Усохший в глазах Ахмада, он спросил:
– Твоя мать не станет тебя искать и не поднимет полицию?
– В конце недели она дежурит ночью. Я оставил ей записку, что ночую у приятеля. Она может предположить, что у девушки. Она все время ко мне пристает, чтобы я завел подружку.
– Ты проведешь ночь с другом, который окажется куда более верным, чем любая омерзительная sharmoota. С вечным, неподражаемым Кораном.
В этой узкой, почти голой комнате на ночном столике лежал экземпляр Корана в мягкой розовой коже на английском и арабском языках en face [63]63
Друг против друга ( фр.).
[Закрыть]. Это была единственная новая и дорогая вещь в комнате – конспиративной, надежной комнате, достаточно близкой к центру Нью-Проспекта, так как из ее единственного окна можно было увидеть шпиль на мансарде Городского совета.

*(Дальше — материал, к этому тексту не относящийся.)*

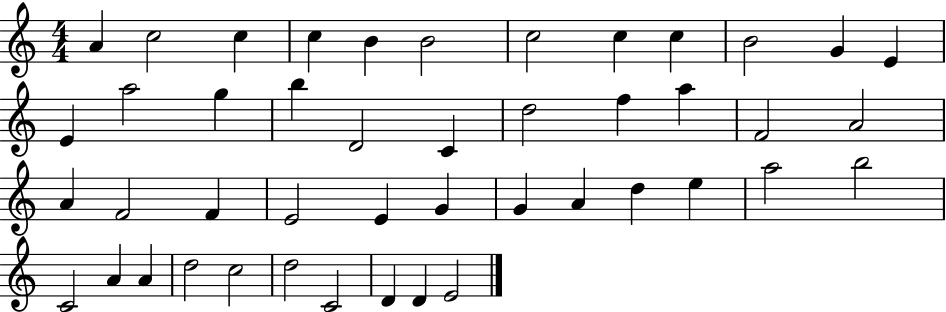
X:1
T:Untitled
M:4/4
L:1/4
K:C
A c2 c c B B2 c2 c c B2 G E E a2 g b D2 C d2 f a F2 A2 A F2 F E2 E G G A d e a2 b2 C2 A A d2 c2 d2 C2 D D E2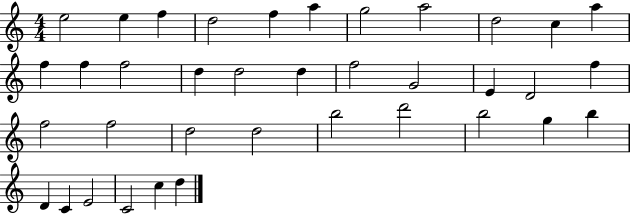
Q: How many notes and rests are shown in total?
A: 37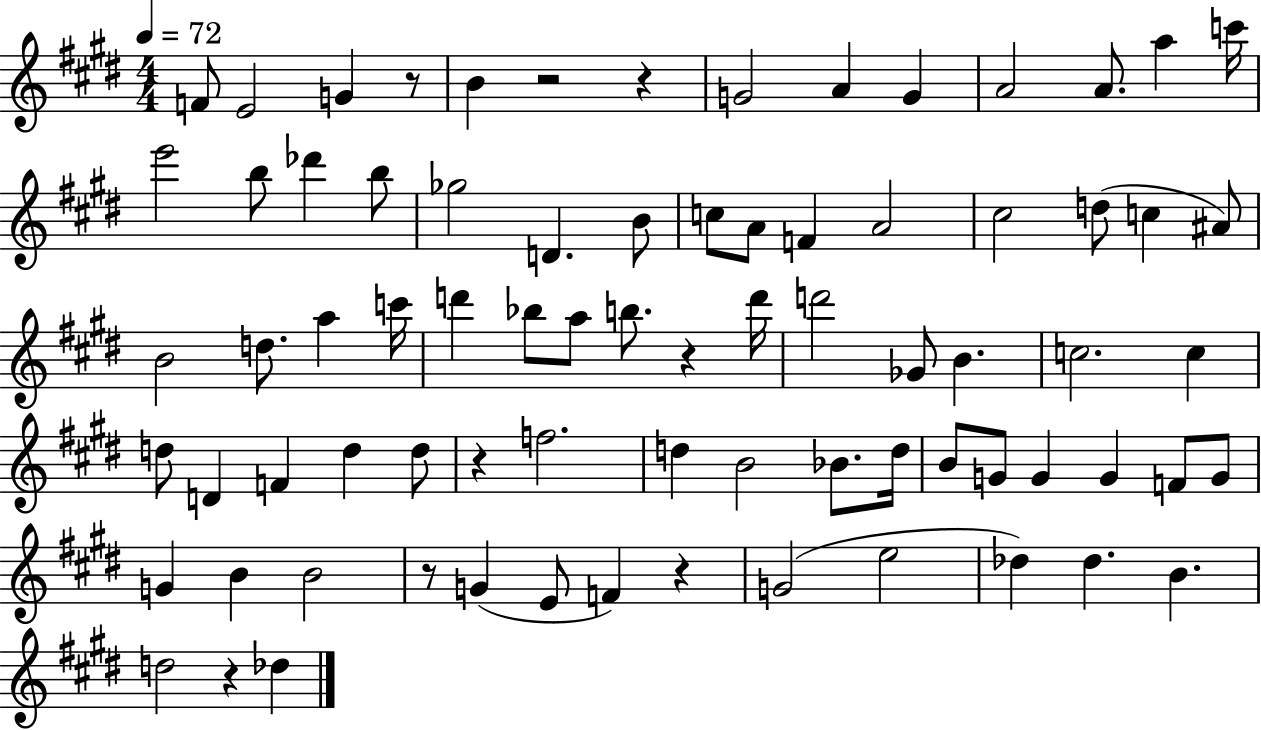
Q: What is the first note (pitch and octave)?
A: F4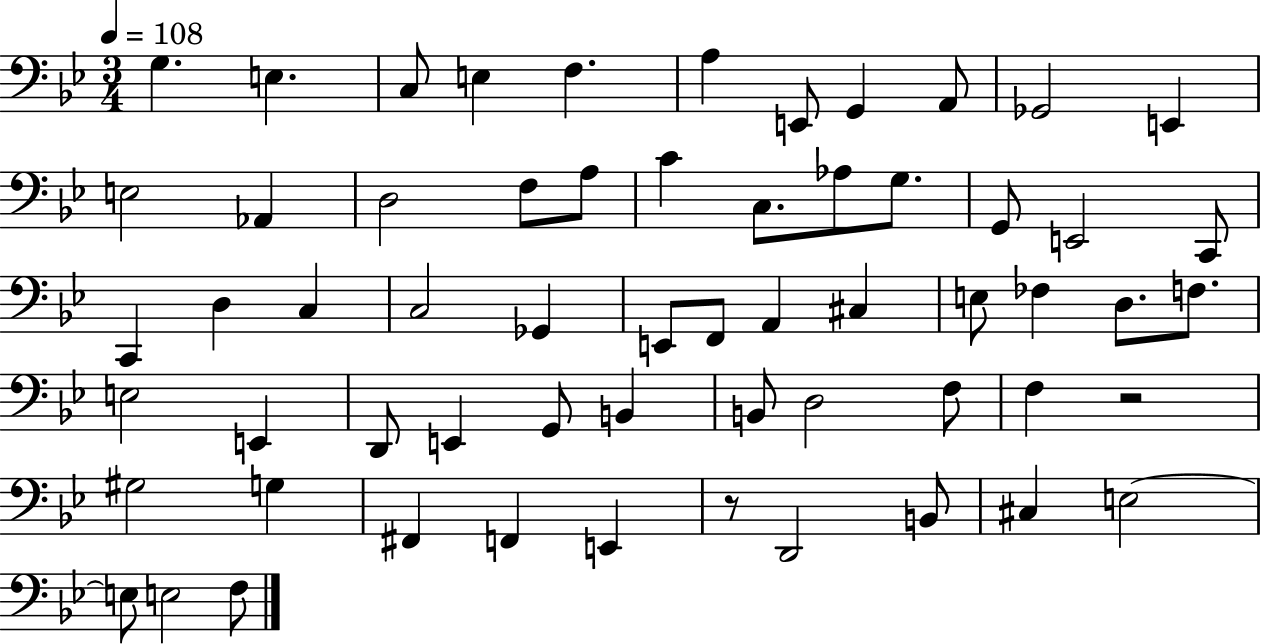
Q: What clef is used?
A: bass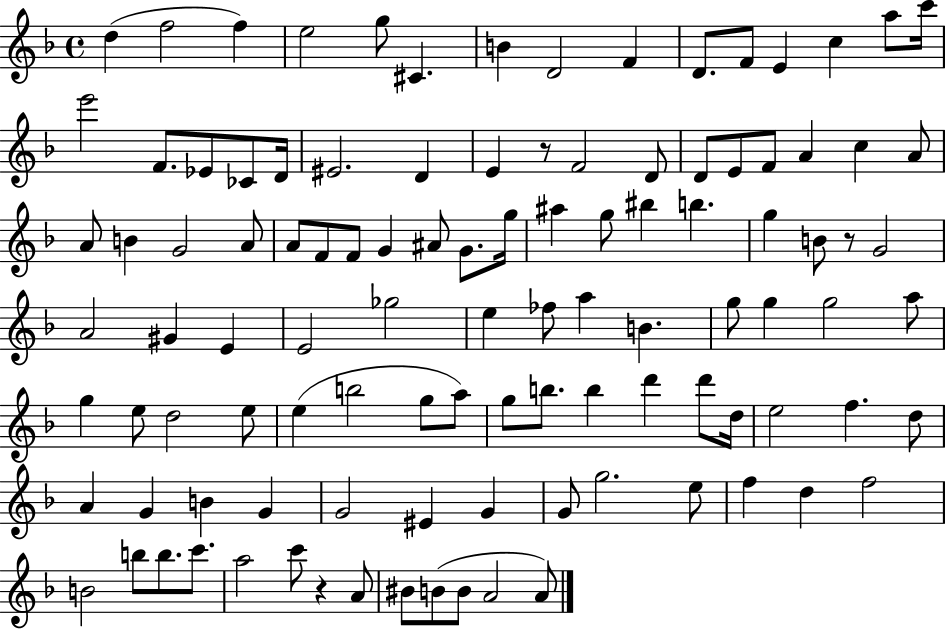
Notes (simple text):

D5/q F5/h F5/q E5/h G5/e C#4/q. B4/q D4/h F4/q D4/e. F4/e E4/q C5/q A5/e C6/s E6/h F4/e. Eb4/e CES4/e D4/s EIS4/h. D4/q E4/q R/e F4/h D4/e D4/e E4/e F4/e A4/q C5/q A4/e A4/e B4/q G4/h A4/e A4/e F4/e F4/e G4/q A#4/e G4/e. G5/s A#5/q G5/e BIS5/q B5/q. G5/q B4/e R/e G4/h A4/h G#4/q E4/q E4/h Gb5/h E5/q FES5/e A5/q B4/q. G5/e G5/q G5/h A5/e G5/q E5/e D5/h E5/e E5/q B5/h G5/e A5/e G5/e B5/e. B5/q D6/q D6/e D5/s E5/h F5/q. D5/e A4/q G4/q B4/q G4/q G4/h EIS4/q G4/q G4/e G5/h. E5/e F5/q D5/q F5/h B4/h B5/e B5/e. C6/e. A5/h C6/e R/q A4/e BIS4/e B4/e B4/e A4/h A4/e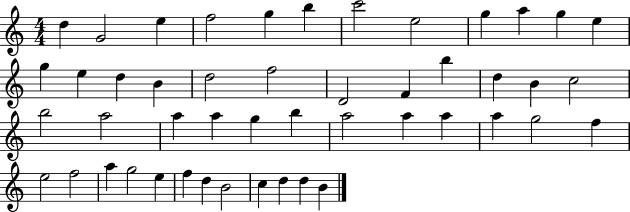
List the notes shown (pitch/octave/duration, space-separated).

D5/q G4/h E5/q F5/h G5/q B5/q C6/h E5/h G5/q A5/q G5/q E5/q G5/q E5/q D5/q B4/q D5/h F5/h D4/h F4/q B5/q D5/q B4/q C5/h B5/h A5/h A5/q A5/q G5/q B5/q A5/h A5/q A5/q A5/q G5/h F5/q E5/h F5/h A5/q G5/h E5/q F5/q D5/q B4/h C5/q D5/q D5/q B4/q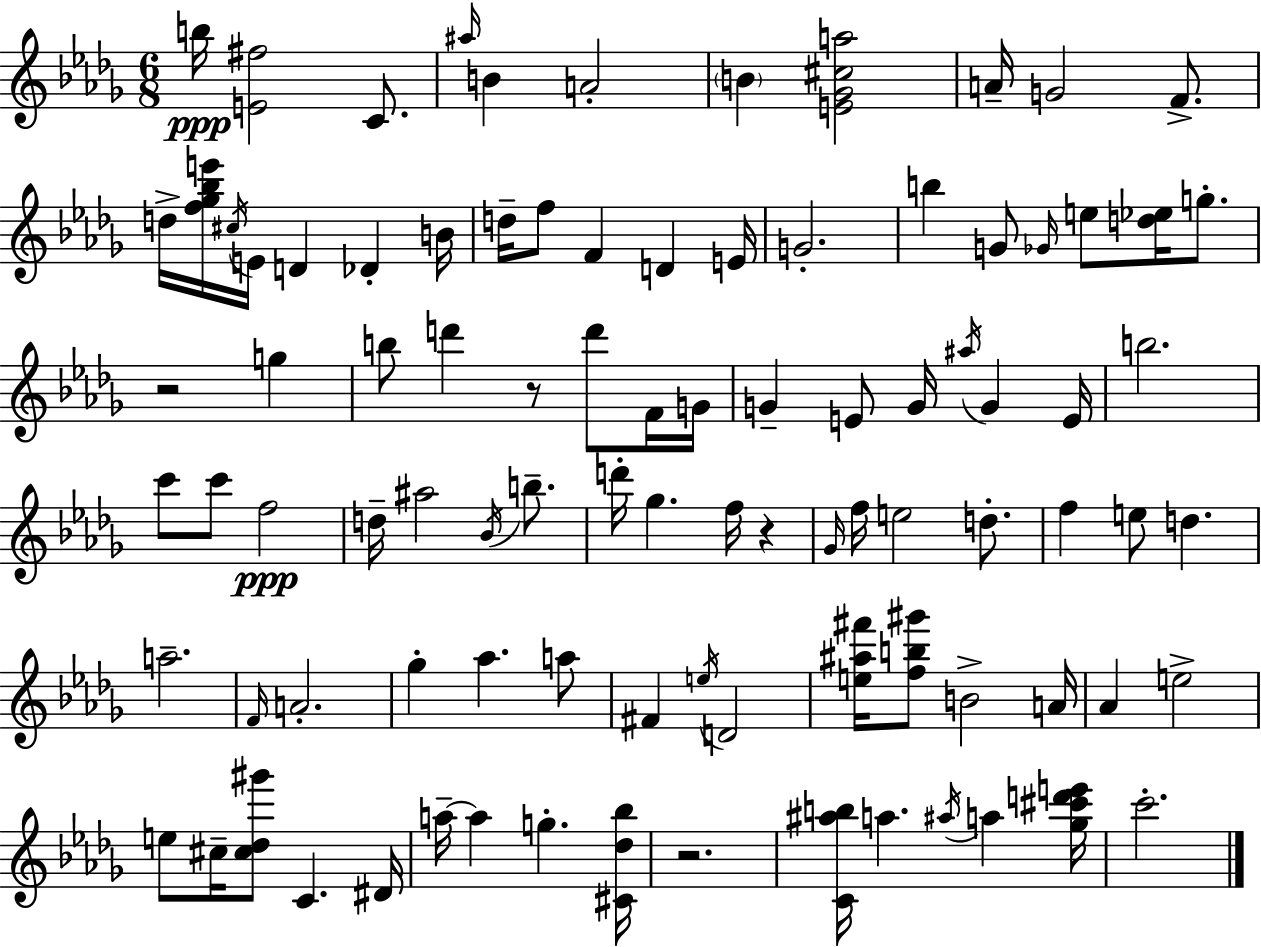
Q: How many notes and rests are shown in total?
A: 94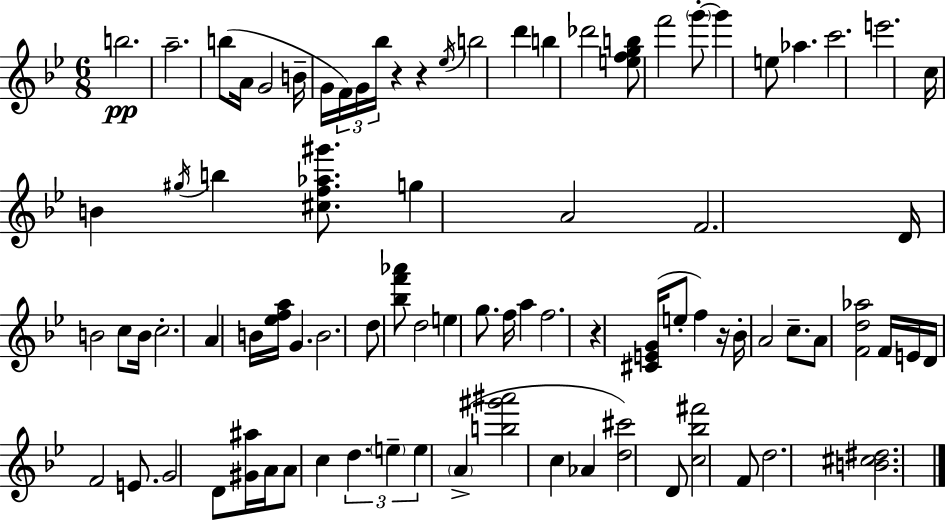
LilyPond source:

{
  \clef treble
  \numericTimeSignature
  \time 6/8
  \key bes \major
  b''2.\pp | a''2.-- | b''8( a'16 g'2 b'16-- | g'16 \tuplet 3/2 { f'16) g'16 bes''16 } r4 r4 | \break \acciaccatura { ees''16 } b''2 d'''4 | b''4 des'''2 | <e'' f'' g'' b''>8 f'''2 \parenthesize g'''8-.~~ | g'''4 e''8 aes''4. | \break c'''2. | e'''2. | c''16 b'4 \acciaccatura { gis''16 } b''4 <cis'' f'' aes'' gis'''>8. | g''4 a'2 | \break f'2. | d'16 b'2 c''8 | b'16 c''2.-. | a'4 b'16 <ees'' f'' a''>16 g'4. | \break b'2. | d''8 <bes'' f''' aes'''>8 d''2 | e''4 g''8. f''16 a''4 | f''2. | \break r4 <cis' e' g'>16( e''8-. f''4) | r16 bes'16-. a'2 c''8.-- | a'8 <f' d'' aes''>2 | f'16 e'16 d'16 f'2 e'8. | \break g'2 d'8 | <gis' ais''>16 a'16 a'8 c''4 \tuplet 3/2 { d''4. | \parenthesize e''4-- e''4 } \parenthesize a'4->( | <b'' gis''' ais'''>2 c''4 | \break aes'4 <d'' cis'''>2) | d'8 <c'' bes'' fis'''>2 | f'8 d''2. | <b' cis'' dis''>2. | \break \bar "|."
}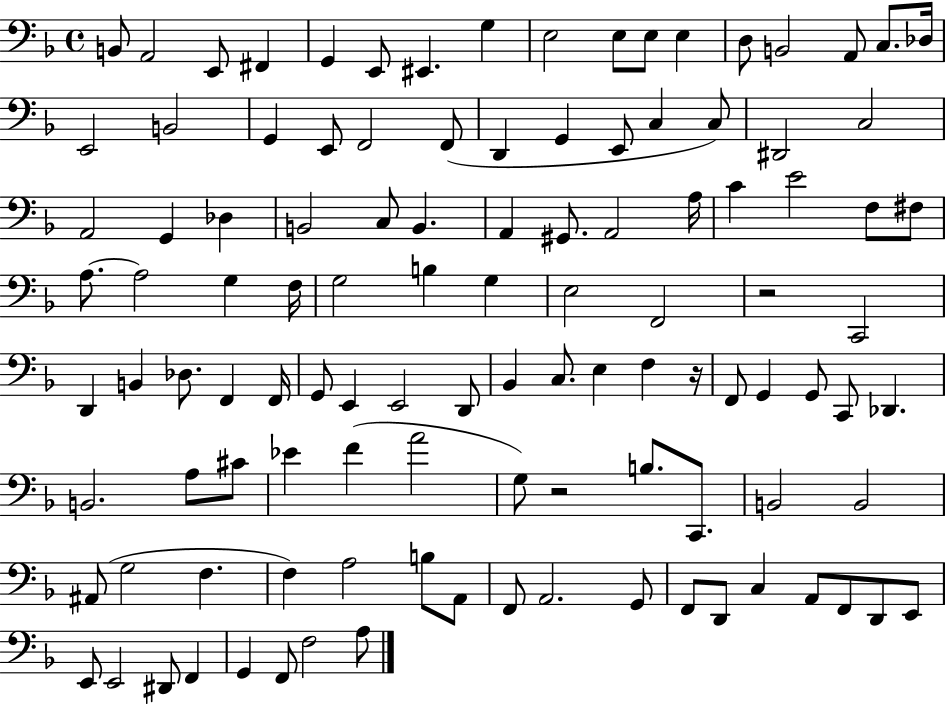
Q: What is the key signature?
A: F major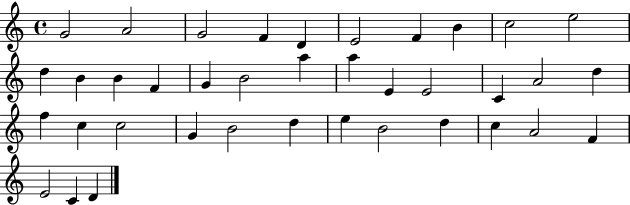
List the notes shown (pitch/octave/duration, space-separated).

Само здание, крытое разноцветной, похожей на рыбью чешую дранкой, возвышалось над менее высокими домами, словно эдакий сказочный дракон, застывший в момент выброса из моря. Вечернее небо за ним было исполосовано окрашенными садящимся солнцем ярко-розовыми облаками. Само солнце, его отраженный оранжевый свет, застыло на викторианских пластинках стекла на шпиле – окошках внутренней винтовой лестницы, закрытой десятилетия назад для туристов. Всматриваясь сквозь свое окно, сквозь тонкие старые стекла, грязные, в разводах и мелких пузырьках, следствиях давнего производства, Ахмад увидел, как умирающий солнечный свет словно разлился по самому высокому углу одного из прямолинейных стеклянных пополнений города. На шпиле мансарды Городского совета установлены часы, и Ахмад опасался, что их звон не даст ему спать всю ночь, отчего он станет менее эффективным шахидом. Но их механическая музыка – короткая музыкальная фраза каждые четверть часа (последняя верхняя нота звучит, создавая представление о вопросительно поднятой брови) и каждую четвертую четверть – полная фраза, предшествующая грустному отсчету часа, – на самом деле убаюкивает, успокаивает, убеждая – когда шейх наконец оставляет его одного, – что это действительно надежная комната.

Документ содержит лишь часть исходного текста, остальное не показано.